Выговаривала она слова очень вкусно, будто смакуя экзотические блюда. А также в ней чувствовалась ирония, которую приобретает женщина, когда слишком долго живет в Париже.
– В самом деле? Ты пережила новые приключения в пространстве и времени?
– Вовсе нет. Он лишь совсем недавно вернулся в свою эпоху. Это, какое физическое воплощение ни возьми, между одним измерением мультивселенной и другим. Насколько понимаю, его народ называет это «путешествиями во снах».
– Ты же теперь не в подобном путешествии? – мягко спросила моя жена.
Юна Перссон слегка наклонила голову и подмигнула.
– Все мы путешествуем во снах, – ответила она. – Все, кто не умер окончательно.
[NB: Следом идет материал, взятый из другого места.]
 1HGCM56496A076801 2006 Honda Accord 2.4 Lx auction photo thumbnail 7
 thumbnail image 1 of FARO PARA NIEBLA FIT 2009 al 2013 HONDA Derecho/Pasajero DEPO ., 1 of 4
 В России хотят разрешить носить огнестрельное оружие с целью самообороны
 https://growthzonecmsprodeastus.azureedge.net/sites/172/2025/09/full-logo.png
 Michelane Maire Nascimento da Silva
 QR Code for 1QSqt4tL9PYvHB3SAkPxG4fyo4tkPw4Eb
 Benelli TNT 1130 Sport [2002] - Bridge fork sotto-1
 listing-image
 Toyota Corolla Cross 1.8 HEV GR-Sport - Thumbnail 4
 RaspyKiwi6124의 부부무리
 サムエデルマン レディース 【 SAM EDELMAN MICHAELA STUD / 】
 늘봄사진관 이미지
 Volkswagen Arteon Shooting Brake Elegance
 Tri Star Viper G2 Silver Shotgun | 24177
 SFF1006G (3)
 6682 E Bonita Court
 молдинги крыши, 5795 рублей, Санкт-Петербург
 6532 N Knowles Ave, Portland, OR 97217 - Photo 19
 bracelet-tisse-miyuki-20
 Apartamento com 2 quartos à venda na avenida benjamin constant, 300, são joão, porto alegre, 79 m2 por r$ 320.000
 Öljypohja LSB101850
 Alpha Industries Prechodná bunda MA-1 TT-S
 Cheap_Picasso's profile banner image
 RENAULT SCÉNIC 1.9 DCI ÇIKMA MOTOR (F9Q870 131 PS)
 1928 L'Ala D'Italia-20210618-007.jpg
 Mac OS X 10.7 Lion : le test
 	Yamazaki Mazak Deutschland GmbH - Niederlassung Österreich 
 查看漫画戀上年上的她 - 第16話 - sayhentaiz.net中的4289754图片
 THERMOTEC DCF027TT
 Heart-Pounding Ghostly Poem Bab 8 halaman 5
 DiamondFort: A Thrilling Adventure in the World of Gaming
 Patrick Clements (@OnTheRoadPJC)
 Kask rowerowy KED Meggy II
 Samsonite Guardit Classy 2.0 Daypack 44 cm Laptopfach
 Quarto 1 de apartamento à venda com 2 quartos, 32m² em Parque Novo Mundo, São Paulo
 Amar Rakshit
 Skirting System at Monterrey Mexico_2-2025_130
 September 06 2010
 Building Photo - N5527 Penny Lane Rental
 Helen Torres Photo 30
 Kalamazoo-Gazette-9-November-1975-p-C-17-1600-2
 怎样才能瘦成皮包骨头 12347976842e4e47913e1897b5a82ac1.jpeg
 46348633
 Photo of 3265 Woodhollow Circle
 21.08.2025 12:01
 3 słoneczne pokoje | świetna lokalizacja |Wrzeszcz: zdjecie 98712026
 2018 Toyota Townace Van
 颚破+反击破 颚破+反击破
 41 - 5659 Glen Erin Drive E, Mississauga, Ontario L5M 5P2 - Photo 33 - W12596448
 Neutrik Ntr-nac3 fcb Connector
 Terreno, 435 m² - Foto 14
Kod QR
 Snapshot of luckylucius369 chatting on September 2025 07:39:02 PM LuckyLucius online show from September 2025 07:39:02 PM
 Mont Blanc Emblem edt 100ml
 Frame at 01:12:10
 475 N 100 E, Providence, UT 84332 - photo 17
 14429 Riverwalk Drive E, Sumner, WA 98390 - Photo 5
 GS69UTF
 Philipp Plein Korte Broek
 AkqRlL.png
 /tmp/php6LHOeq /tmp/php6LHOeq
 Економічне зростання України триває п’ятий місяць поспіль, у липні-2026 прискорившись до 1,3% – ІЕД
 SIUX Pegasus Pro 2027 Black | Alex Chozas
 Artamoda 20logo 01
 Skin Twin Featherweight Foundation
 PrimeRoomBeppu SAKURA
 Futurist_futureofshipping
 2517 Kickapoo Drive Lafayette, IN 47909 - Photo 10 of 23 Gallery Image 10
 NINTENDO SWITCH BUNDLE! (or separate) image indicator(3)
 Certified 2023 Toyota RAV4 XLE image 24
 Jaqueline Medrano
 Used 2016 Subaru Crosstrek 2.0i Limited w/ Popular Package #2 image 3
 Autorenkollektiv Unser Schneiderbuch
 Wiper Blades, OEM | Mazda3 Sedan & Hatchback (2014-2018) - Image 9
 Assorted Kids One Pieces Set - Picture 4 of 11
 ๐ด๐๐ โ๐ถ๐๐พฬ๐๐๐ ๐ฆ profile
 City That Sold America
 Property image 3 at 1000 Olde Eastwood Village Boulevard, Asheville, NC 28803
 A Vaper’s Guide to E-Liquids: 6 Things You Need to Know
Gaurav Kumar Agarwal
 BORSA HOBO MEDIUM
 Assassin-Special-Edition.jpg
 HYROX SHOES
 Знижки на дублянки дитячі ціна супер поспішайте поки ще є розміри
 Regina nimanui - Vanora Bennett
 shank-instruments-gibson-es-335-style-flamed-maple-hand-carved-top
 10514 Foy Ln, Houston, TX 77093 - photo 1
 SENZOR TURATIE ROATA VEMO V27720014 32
Окончательно.
– Но когда ты играла на сцене и все прочее, это же не было путешествием во сне, – заметила Линда. – Это был сон, воплотившийся в жизнь.
Я засмеялся.
– Меня не учили отличать одно от другого. – Юна наконец уселась в кресло-качалку рядом с Линдой. – Сны и личности, как и мультивселенная, существуют, и их можно переуступить, можно испытать, примерить на себя, а иногда даже присвоить.
– Не думаю, что мне хотелось бы иметь такой выбор, – сказал я.
– А я точно знаю, что предпочла бы его не иметь, – согласилась Юна.
– Так тебе не понравилось играть на сцене? – Линда была неумолима. Она очень любила музыкальную комедию, а Юна какое-то время весьма успешно выступала в театрах Вест-Энда и Бродвея.
– Это мне нравилось больше всего, – ответила Юна. – Долгая карьера, учитывая мои весьма необычные обстоятельства. Я вошла в моду во времена больших залов и дворцов эстрады вроде «Эмпайр» и «Лестер-Сквер». А вышла из нее вместе с ревю и сложными и злободневными песнями шестидесятых. Рок-н-ролл и сатира погубили меня, моя милая, – засмеялась она.
Она любила играть, пока это приносило радость, а когда все закончилось, не стала возражать и ушла со сцены. С середины шестидесятых она сделала гораздо больше с точки зрения политики. Разумеется, в то время Юна в основном вращалась в кругу Джерри Корнелиуса и его странного набора бродячих актеров, типичных для ситуационистского театра, который появился на континенте, но так особо и не прижился в Соединенных Штатах и Великобритании. Говорили, будто их театр служил прикрытием для более серьезных дел, но меня никогда не интересовали рассказы о так называемых «секретных службах».